To search for such missing data, open a new query in the Design View and select the Vendors table. Select the Vendor Number, Vendor Name, and Vendor Phone fields. To select vendors with no phone number, enter Is Null in the criteria row for Vendor Phone (Exhibit 5).

After saving the query and viewing the results, it is apparent that LEP Marketing does not have a phone number. This may or may not indicate that it is a fictitious vendor. Similar searches for data such as a taxpayer identification number might provide further reasons to investigate.

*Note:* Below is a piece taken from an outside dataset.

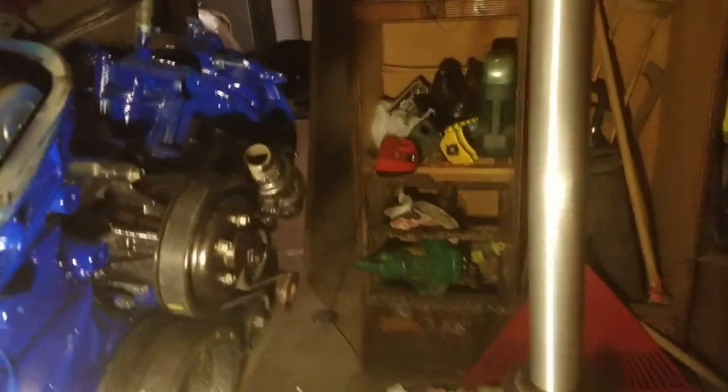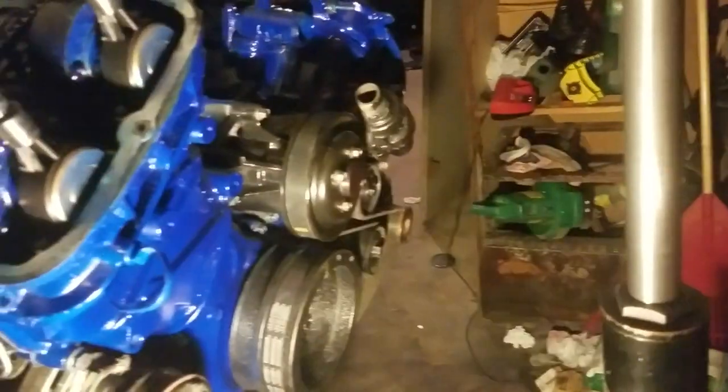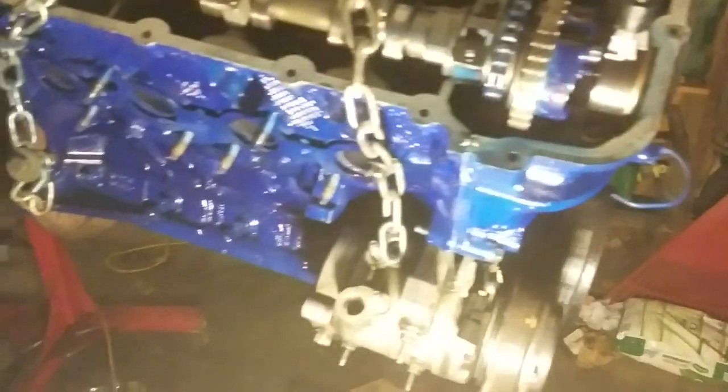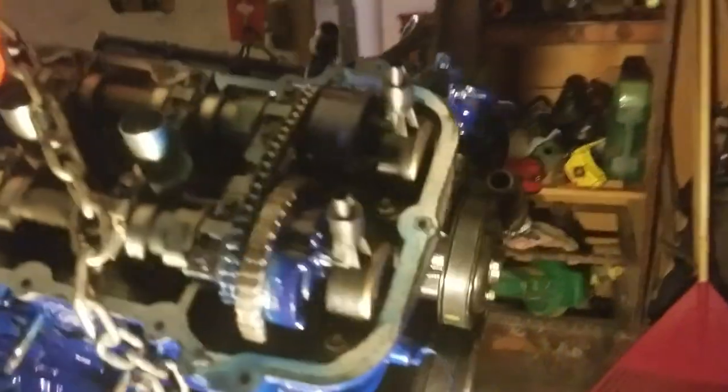This is an update for my coyote motor and that tick we were talking about. Found out what the tick was — it was not a phaser, it was actually a spun bearing on cylinder five, which is on the other side over here in the front.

Red Flag 6: Illogically Formatted Vendor Data

Some data items should adhere to a required format. For example, a vendor’s taxpayer identification number (TIN) can have one of two possible formats, depending upon whether the vendor is a business or an individual. Businesses have TINs with two digits, a hyphen, then seven more digits. Individual taxpayers use their Social Security numbers as their TIN. When entering data for a shell company, a fraudster may simply fill the field with random characters. Using tools above, a query can search for vendor identification numbers. A numerical wildcard character, the pound sign (#), is used to represent any digit. To perform a search, open a new query in the Design View and select the Vendors table. Select the Vendor Number, Vendor Name, and Vendor TIN fields. To select vendors lacking the acceptable format for a business TIN, enter Not Like“##-#######” in the criteria row for Vendor TIN (Exhibit 6). To simultaneously search for unacceptable Social Security numbers formats, add And Not Like “###-##-####.” After saving the query and viewing the results, it is apparent that CCS Consulting has only five digits in its TIN. Polk Publications has the correct number of digits, but contains two letters. As with all other audit tests, further investigation is required to determine if these red flags have revealed a fraud.

Just a Beginning

Auditors must actively search for fraud. Microsoft Access can be a useful tool in finding evidence of common billing schemes. Finding one or more of the red flags would call for the application of more traditional audit procedures, such as inquiry of employees and inspection of source documents, to assess the nature of the transactions. Auditors that can use software imaginatively can detect fictitious companies that traditional audit procedures might overlook.


Mark W. Lehman, PhD, CPA, is an associate professor of accountancy and Marcia L. Weidenmier, PhD, CPA, is an assistant professor of accountancy, both at Mississippi State University, Starkville, Miss.